The main thesis of Chapter Four in general, and of our present mishnah in particular, is that there are certain women who may not be submitted at all to the 'ordeal of the cursing waters'. While the exegesis may appear to be pejorative, its ultimate conclusion is to limit the number of women who may be forced to take the test, as we shall see.
To be continued.
In our last shiur I wrote: In conditions such as these it becomes apparent that there is no real connection between the institution of slavery in ancient Israel with any other known community. Derek Fields writes:
I think that there is a difference between a Jewish servant and a non-Jewish servant, particularly captives of war. My understanding is that the Torah and later writings distinguish between the two and while there are certain rights that even the non-Jewish slave enjoys, this servitude is much closer to what we have traditionally understood as slavery than the Jewish time-bound servitude. So, I am not sure that I would agree that "there is no real connection between the institution of slavery in ancient Israel with any other known community."

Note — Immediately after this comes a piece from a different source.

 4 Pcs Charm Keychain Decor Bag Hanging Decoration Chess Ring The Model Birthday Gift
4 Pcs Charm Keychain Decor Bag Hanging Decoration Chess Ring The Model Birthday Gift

Others have written in the same vein.
While I concede that the situation of the non-Jewish servant is different from that of the Jewish bonded servant, I still believe that his situation could not be equated with what in other societies is called slavery. When we studied Tractate Pesachim I wrote:
The Eved Kena'ani [Canaanite servant] was a person born as a non-Jew who was sold into slavery and bought by a Jew. At the end of the first year of his being with his Jewish master he had to decide whether he was prepared to be circumcised and to accept those mitzvot that were incumbent upon Jewish women or to be resold to a non-Jew. Our mishnah refers to an Eved Kena'ani who has opted to remain with his Jewish master and has thus accepted Judaism. Until he might possibly regain his freedom he is required to observe all those mitzvot that Jewish women are required to observe. Upon his possible manumission he would be required to observe the totality of Jewish law like any other Jewish male.

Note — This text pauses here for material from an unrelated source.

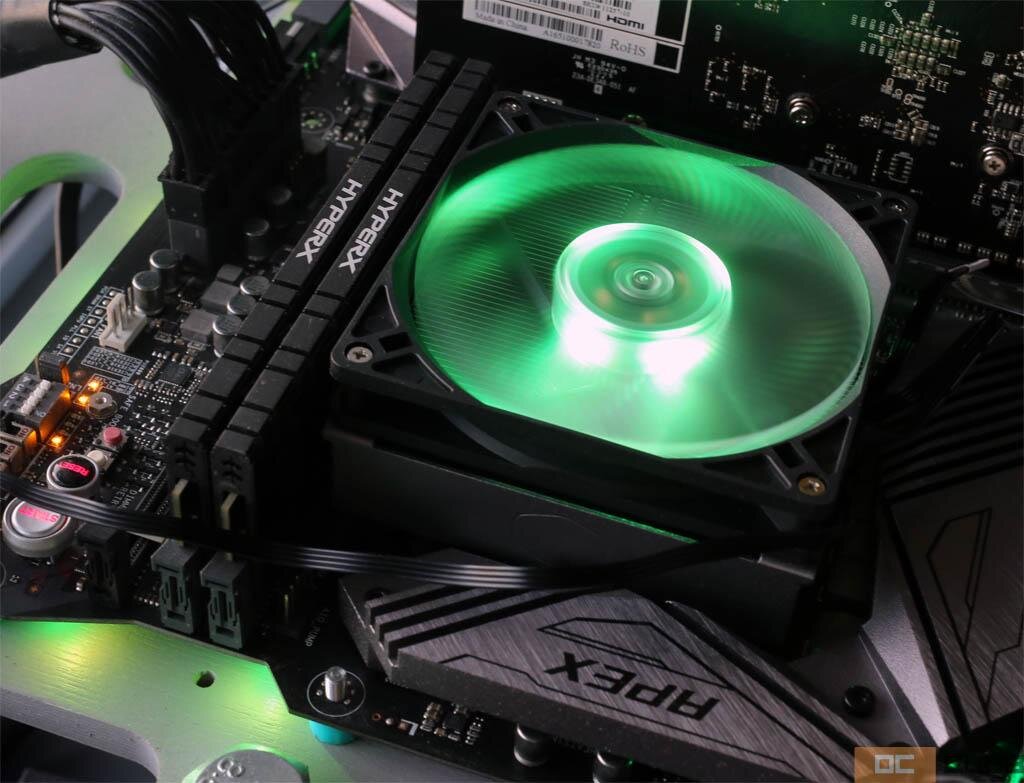 Rgb p. Cooler Master MASTERBOX nr200p White.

I also noted, in response to a query, that
it would seem that the sages were very liberal in their views on this matter... there are several examples of servants being manumitted by their masters purely for reasons of convenience, such as the famous example where one sage manumitted his servant in order to have a tenth for a minyan [prayer quorum].

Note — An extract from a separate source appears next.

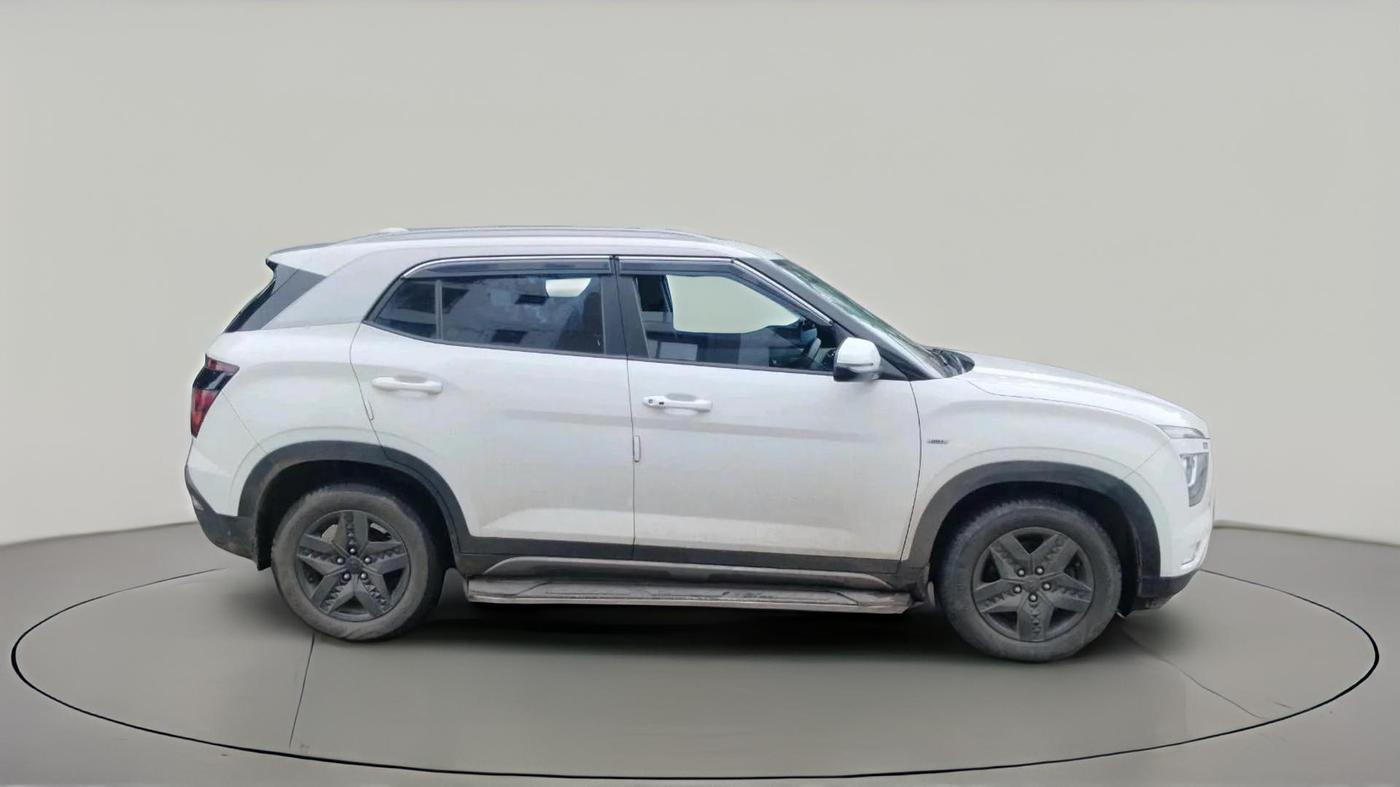 2022 Hyundai Creta S IMT 1.5 PETROL, Petrol, Manual, 56,432 km, exterior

When we studied Tractate Kiddushin I gave further information and wrote:
I append three quotations from Rambam (Mishneh Torah):-
A person who has the right to decide whether they wish to remain someone's servant, who is required to observe the same mitzvot as a Jewish woman, who is required to observe Shabbat and so forth can hardly be the same as what the world generally calls "a slave". Someone who has rights and privileges, surely, by definition is not truly a slave.